Indeed, according to opposition leader Binyamin Netanyahu, over the
past year Syria has increased its military outlays by a factor of ten.
Syria is using the smokescreen of near weekly protestations of interest
in negotiating with Israel to divert attention away from its clear preparations
for war. Rather than see these statements for the psychological warfare
antics they are, Israeli leftists have pounced on them. Led by Ha'aretz
newspaper, the Israeli Left is exerting massive pressure on the rudderless
Olmert-Livni-Peretz government to force it to open negotiations with Damascus
— negotiations that would lead to Israel's surrender of the Golan Heights
in exchange for a piece of paper from Iran's Arab colony.
Due to the government's general incompetence, it is unable to formulate
a coherent policy towards Syria.
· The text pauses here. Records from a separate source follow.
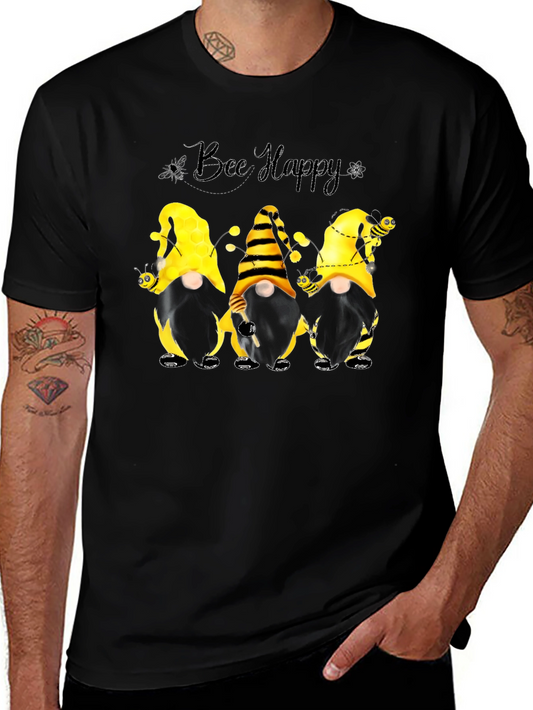Bee Happy Gnome T-Shirt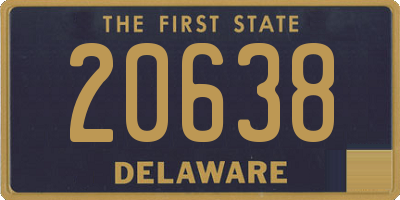 DE license plate 20638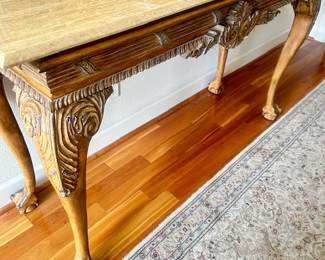 Large Sofa Entry Table w/Claw style Feet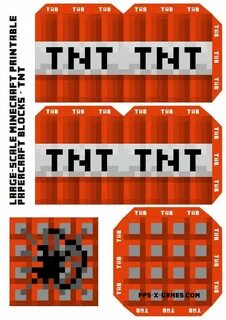 Minecraft tnt printable Minecraft Papercrafts Pinterest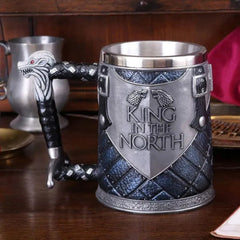 Caneca Temática Stark Rei do Norte - Game of Thrones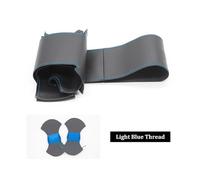 Housse Volant Cache Volant Voiture Pour Nissan Pour 200SX S15 2001-2002 Pour Silvia Pour Skyline Pour R34 Pour GTR Pour GT-R 1998-2001 Housse Volant(Light Blue Thread)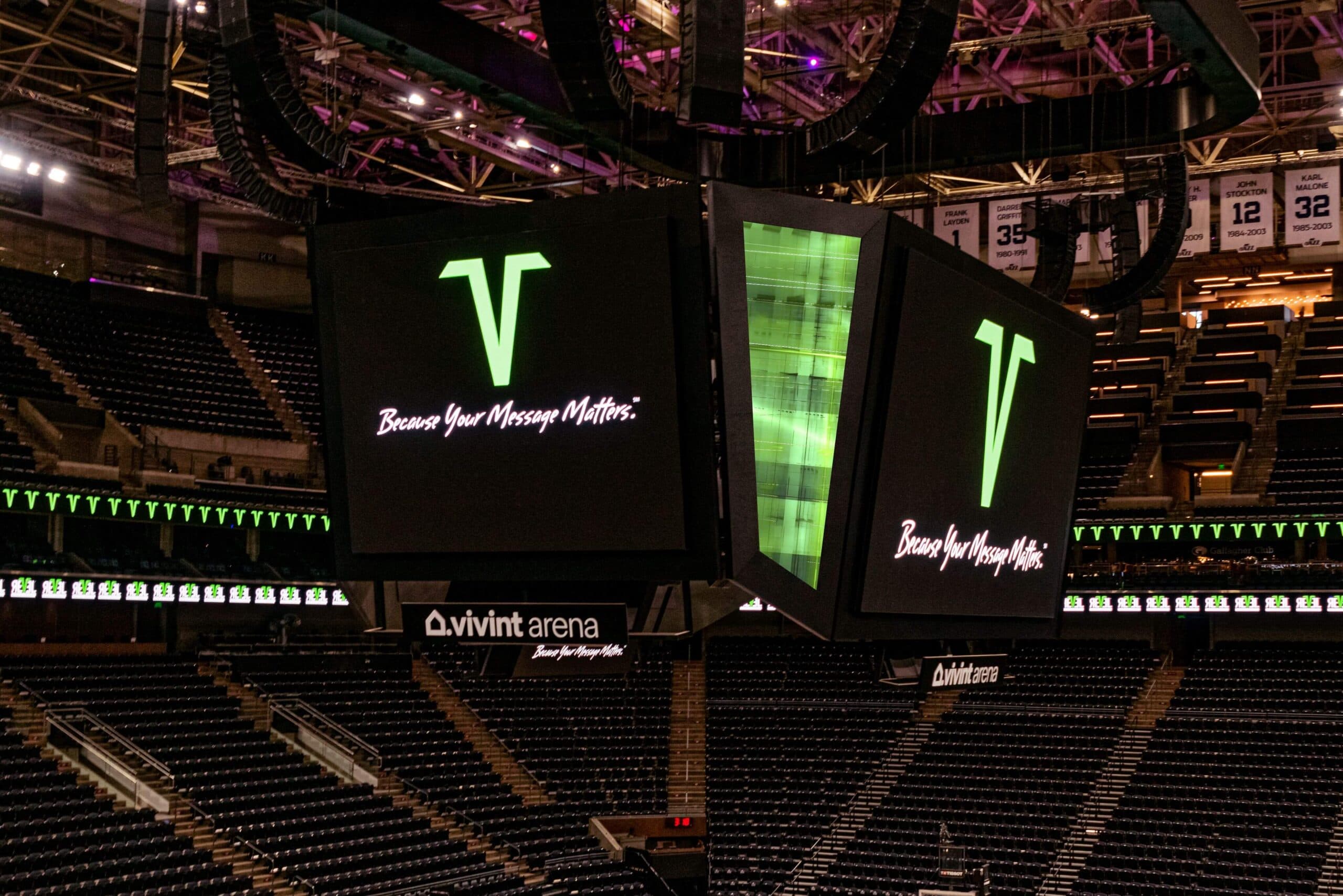 Delta Center case study background image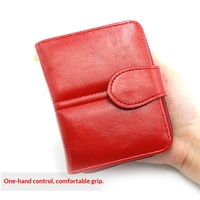 Dompet Pendek Wanita Baru Modis Kasual Sederhana Clutch Resleting Slot Kartu Multi-Kartu Tempat Kartu Dompet Koin PU Poliester Grosir
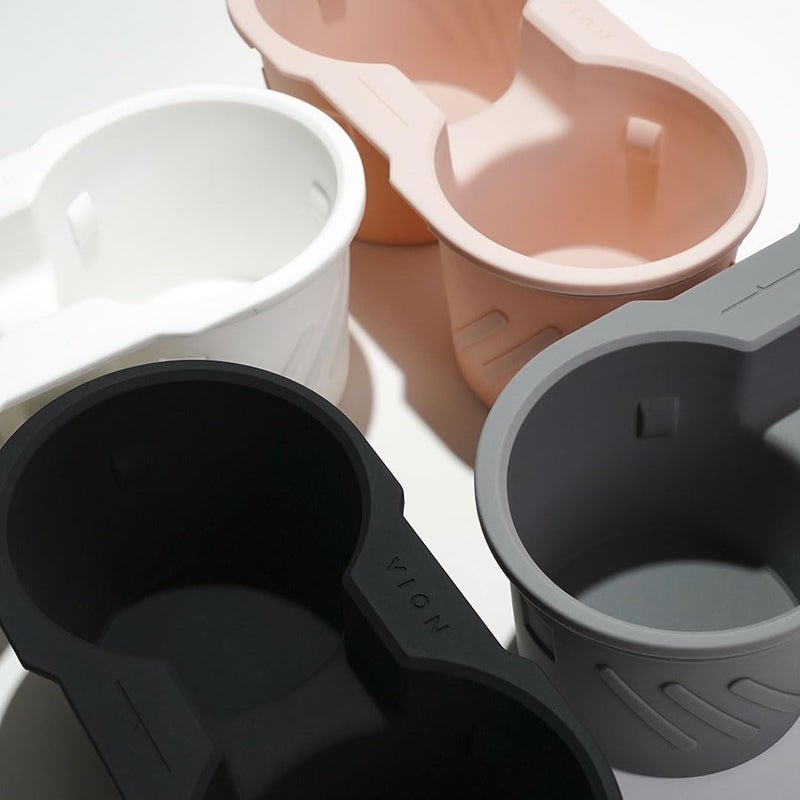 VION Tesla Model 3/Y Cup Holder (Pink) - Fits 2024-2021 Y, 2023-2021 3 - Image 5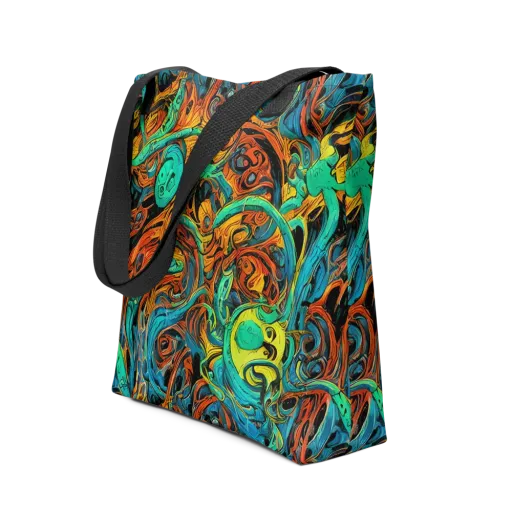 Flaming Mirage on a Tote Bag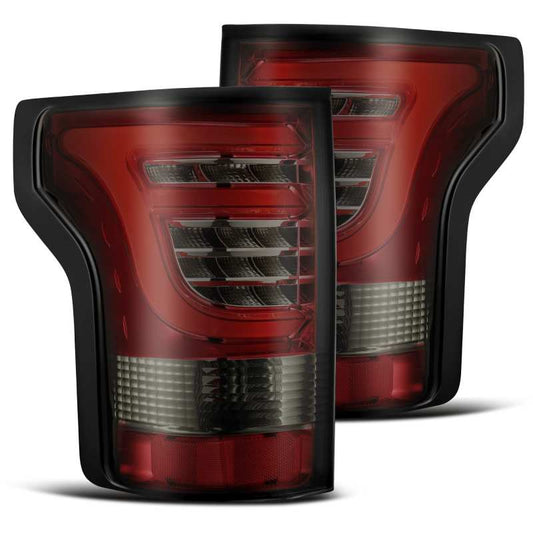 AlphaRex 15-17 Ford F-150 (Excl Models w/Blind Spot Sensor) PRO-Series LED Tail Lights Red Smoke 652020 *Discontinued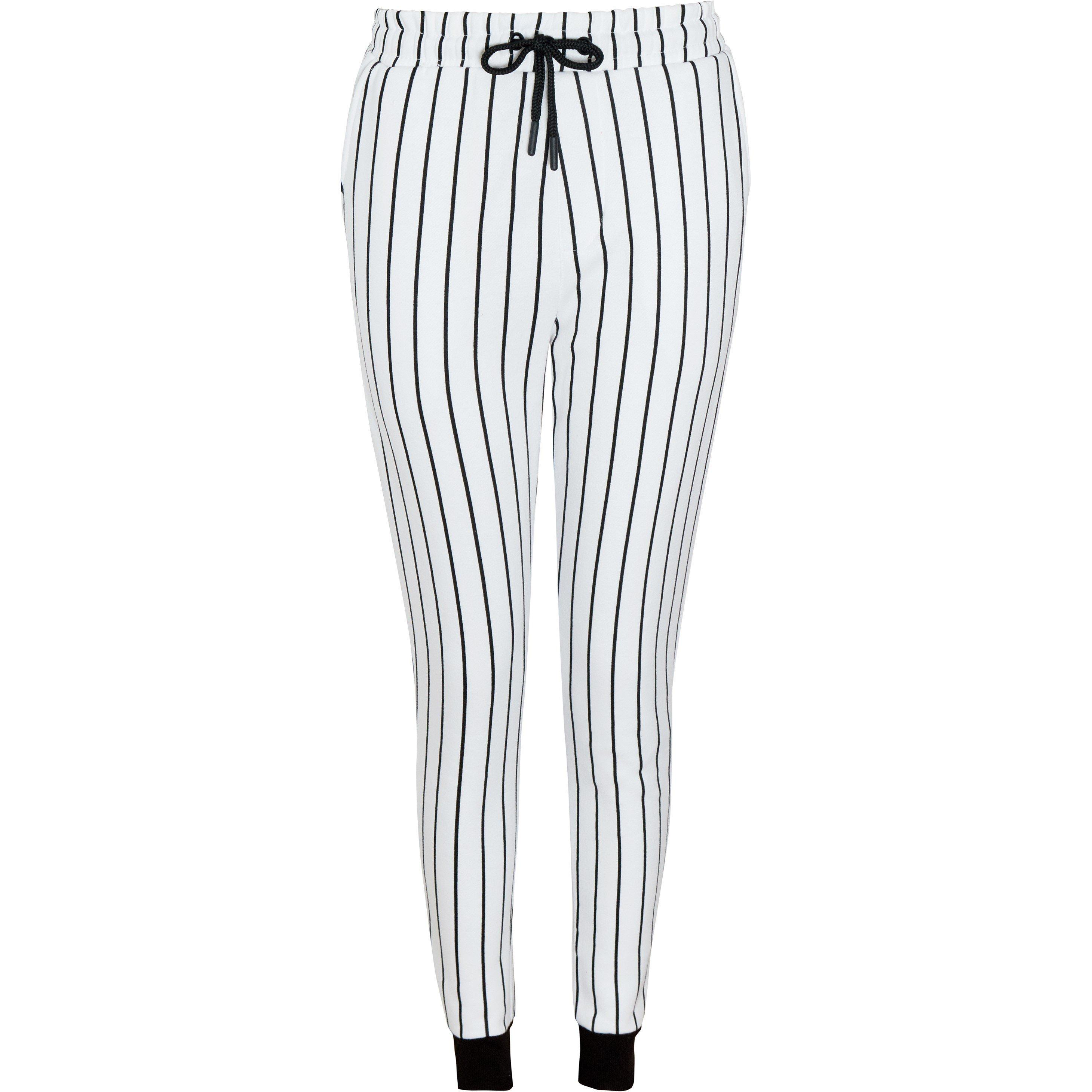 Black/White - Another Influence - Men's Closed Hem Jersey Joggers - 1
The Left's calls for surrender talk consequently
dominate the public debate on Syria. This in turn has paralyzed the state
bodies responsible for taking measures to prepare the IDF and the public
for the prospect of war.
The IDF's public assessment of the Syrian threat is evidence of the
confusion. Last month, Military Intelligence chief Maj. Gen. Amos Yadlin
addressed the Syrian threat at the government's intelligence assessment
meeting. Yadlin said, "The chances of a full-scale war initiated by Syria
are low, but the chances of Syria reacting militarily against Israeli military
moves are high."
Yadlin's statement was presented to the public as good news. But it
was not good news. Syria will not initiate a full-scale war against Israel
because it would lose a full-scale war. Syria's comparative advantage against
the IDF is found in the area of low-intensity warfare, and as Yadlin noted,
there is every reason to expect that it is this sort of warfare that Syria
is preparing to initiate.
Over the past several years, Syria has built up massive artillery,
missile and rocket arsenals that are capable of causing extensive damage
to the IDF and to Israeli communities in the Golan Heights and the Galilee.
So too, Syria fields a highly trained commando corps capable of exacting
physical losses and tactical setbacks to the IDF.
Syria has two good reasons to go to war against Israel. Since 1973,
every Arab state and terrorist organization that has gone to war against
Israel has benefited from their aggression. Syria no doubt expects for
the pattern to continue. In all likelihood, if Syria is able to fight Israel
to a stalemate as Hizbullah did last summer, the Israeli Left, the EU and
the US can be expected to increase their pressure for an Israeli surrender
of the Golan Heights.
Moreover, a war with Israel would shore up Assad's dwindling support
at home. Sherko Abbas, a Kurdish-Syrian exile living in the US heads the
Kurdistan National Assembly of Syria. He explains that due to Syria's economic
weakness and the Assad government's profligate corruption, the regime is
widely despised by its Syrian subjects. According to Abbas, the organized
domestic opposition to the regime crosses ethnic lines and includes Kurds,
Druse, Alawites, and even members of Assad's family clan.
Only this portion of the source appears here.